The Bacillus subtilis Rescue¶
In 1835, the German naturalist Christian Gottfried Ehrenberg first described a slender, agile filamentous bacterium he named Vibrio subtilis. Decades later, in 1872, the botanist and microbiologist Ferdinand Julius Cohn reclassified it as Bacillus subtilis — the “subtle rod” — the name it still bears today. No one could have imagined that seventy years later, this humble soil microorganism would become the unlikely protagonist of one of the most curious episodes in wartime medicine.
The setting was Libya, 1941. General Erwin Rommel’s Afrika Korps was advancing with tactical precision across North Africa, but inside the camps a far deadlier enemy carried no weapons: Shigella, the bacterium responsible for bacillary dysentery. Hundreds of soldiers were falling ill each week, weakened by severe diarrhea, fever, and dehydration. Antibiotics were not yet widely available — penicillin was only beginning to be produced experimentally — and the sulfonamides on hand were used primarily for topical applications. The German army’s medical corps found itself, as contemporary accounts put it, “without pharmaceutical ammunition.”
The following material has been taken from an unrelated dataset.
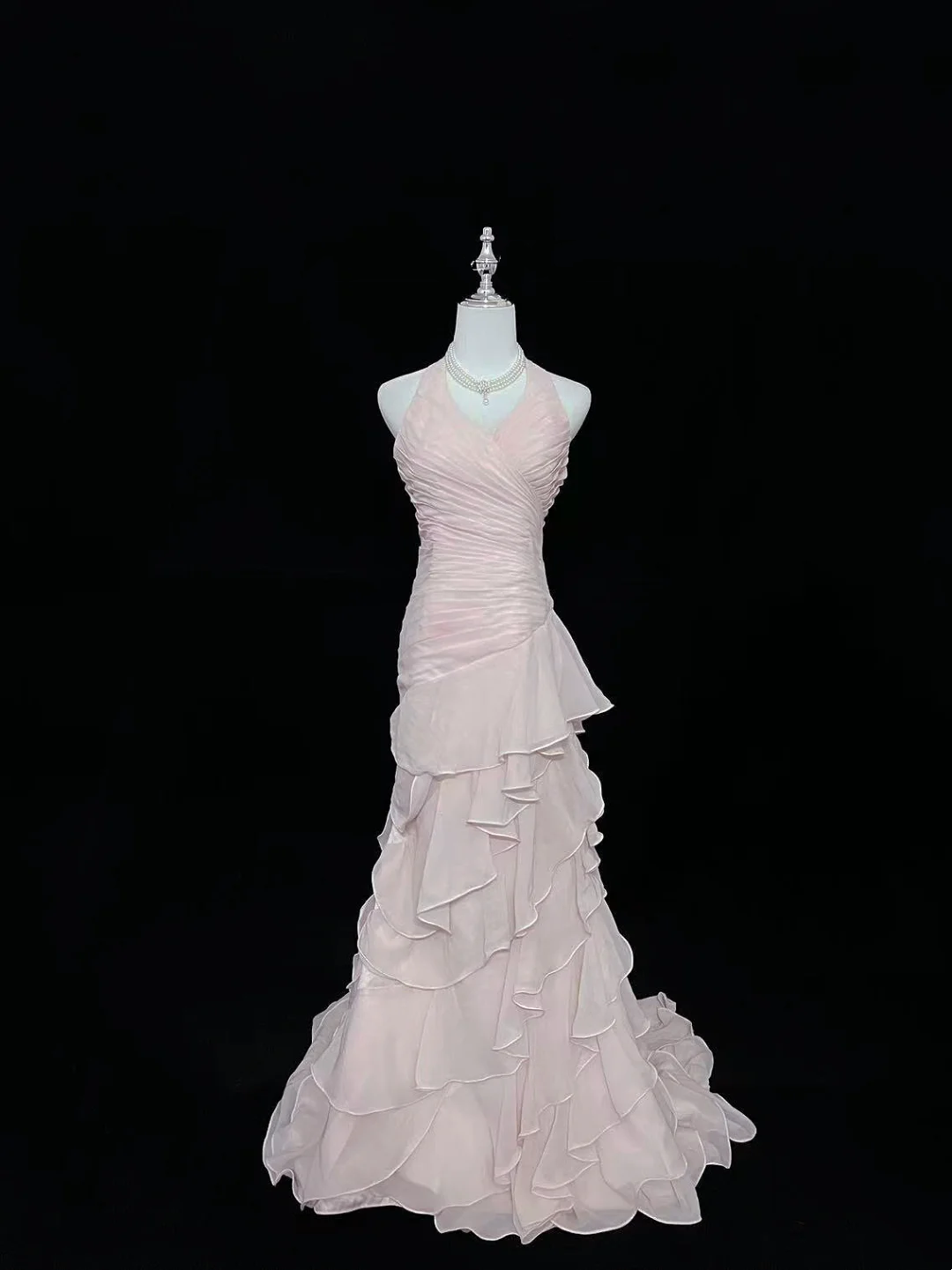 Robe de bal rose à col en V et volants superposés, modèle J9373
According to the most widely cited version of the story — reconstructed from an article by Dr. Jörg Bernhardt of the Ernst Moritz Arndt University of Greifswald — physicians in the Afrika Korps noticed something puzzling: local Bedouins also contracted dysentery, yet they recovered with a consistency the German troops could not match.
Closer observation revealed the reason. At the first sign of symptoms, the Bedouins would closely follow a camel or horse until it defecated — and then ingest the dung while it was still warm. The only empirical rule passed down through generations was simple: the remedy did not work once the dung had cooled.
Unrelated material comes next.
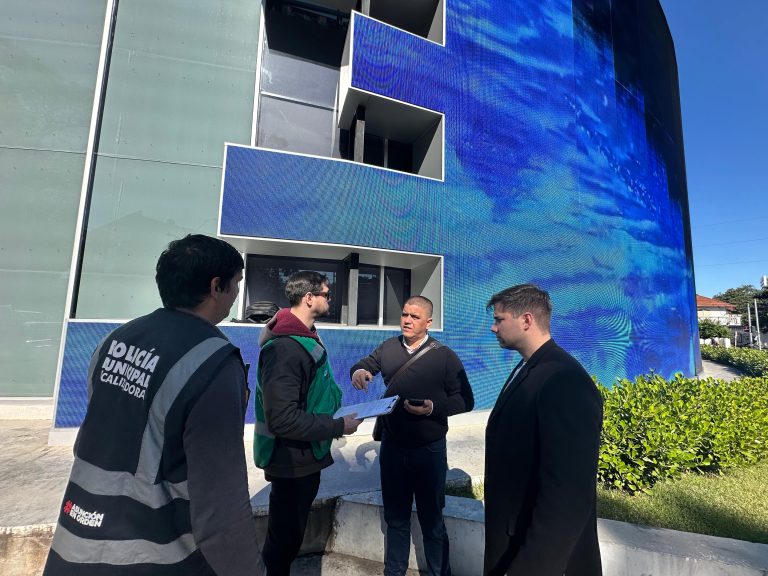 Asunción avanza en la digitalización de permisos para Cartelería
Medical officers and bacteriologists dispatched to investigate analyzed fresh animal feces and found it rich in Bacillus subtilis — a spore-forming bacterium resistant to heat and known for its ability to inhibit pathogenic microorganisms, including species of Shigella. Based on this finding, the German army began producing concentrated cultures of B. subtilis for its troops. Dysentery ceased to be the silent threat it once was.
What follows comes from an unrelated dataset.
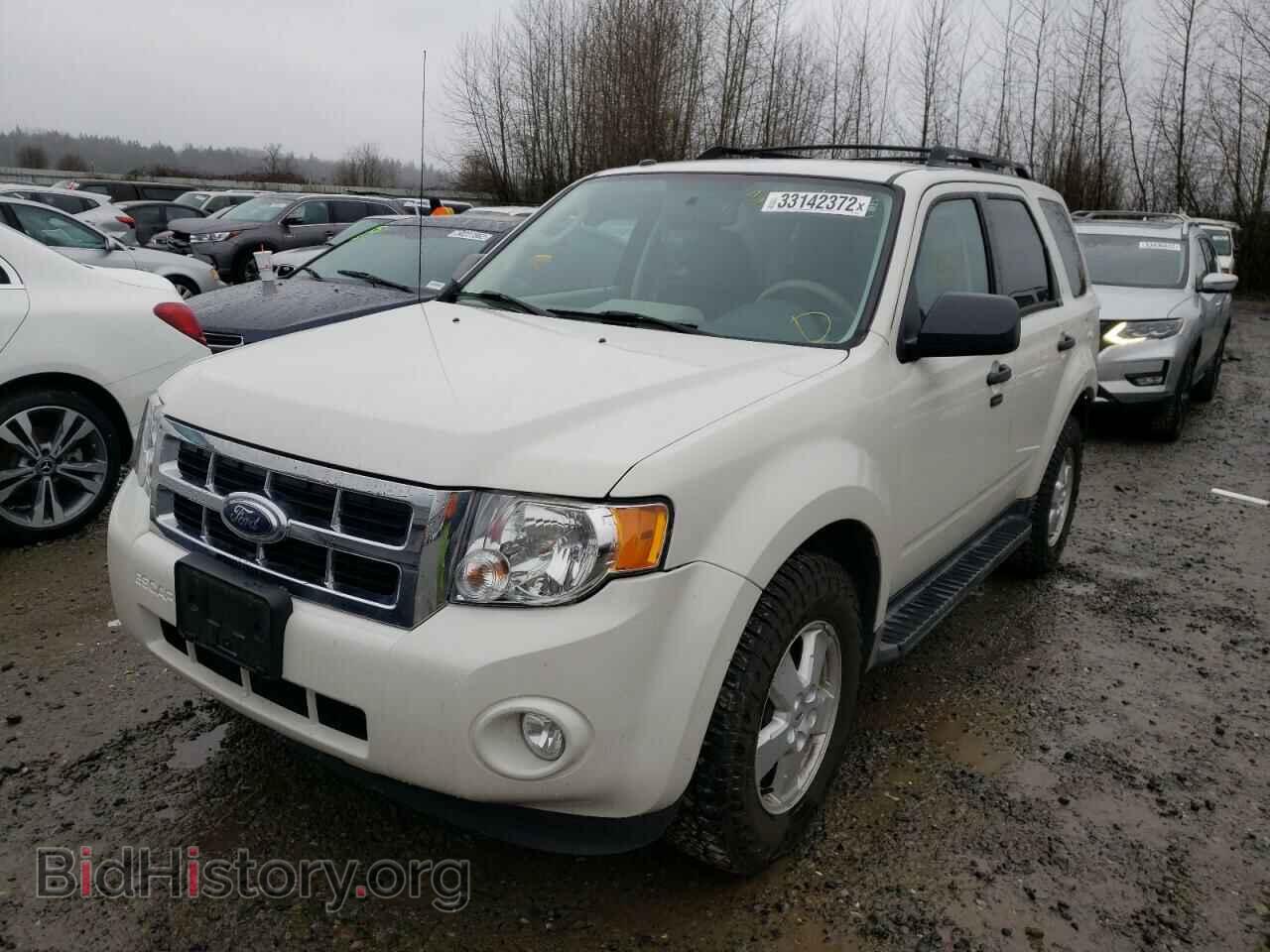 2009 FORD ESCAPE - VIN: 1FMCU93769KD00928 - Фото 2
But the story does not end there — it carries an uncomfortable scientific epilogue.
In 2022, a team of researchers published a rigorous analysis in PLOS ONE examining the historical account. After an extensive literature review, they found that every reference to the camel dung episode ultimately traced back to a single source — Bernhardt’s article — with no independent corroborating evidence.
More strikingly, when researchers analyzed fecal samples from Egyptian dromedaries using 16S sequencing and ethanol-resistant culture techniques, they detected B. subtilis spores in quantities comparable to those found in human feces and soil — several orders of magnitude below the documented minimum therapeutic dose (10⁹ spores per day). The conclusion was direct: the amount of B. subtilis present in camel dung is, in all likelihood, insufficient to explain a clinical improvement through that route.
What is historically well established is that, beginning in 1946, B. subtilis cultures were commercialized in Europe and the Americas under brand names such as Bacti-Subtil. They were used as immunostimulants in the treatment of gastrointestinal and urinary tract infections. Today, their mechanism of action is linked, among other effects, to the production of subtilosin — a broad-spectrum antibiotic — and to stimulation of humoral immunity through the secretion of IgM, IgG, and IgA.
The rise of synthetic antibiotics in the 1950s pushed these preparations to the margins of pharmacology. Yet interest in B. subtilis as a probiotic has never disappeared. In 2023, the German Association for General and Applied Microbiology named it “Microbe of the Year.”
Whether the camel dung story is true or apocryphal, it illustrates something microbiologists understand well: traditional empirical knowledge can point in the right direction long before formal science finds the language to explain it. That the explanation later proves more complex than expected is not a failure — it is simply how science works.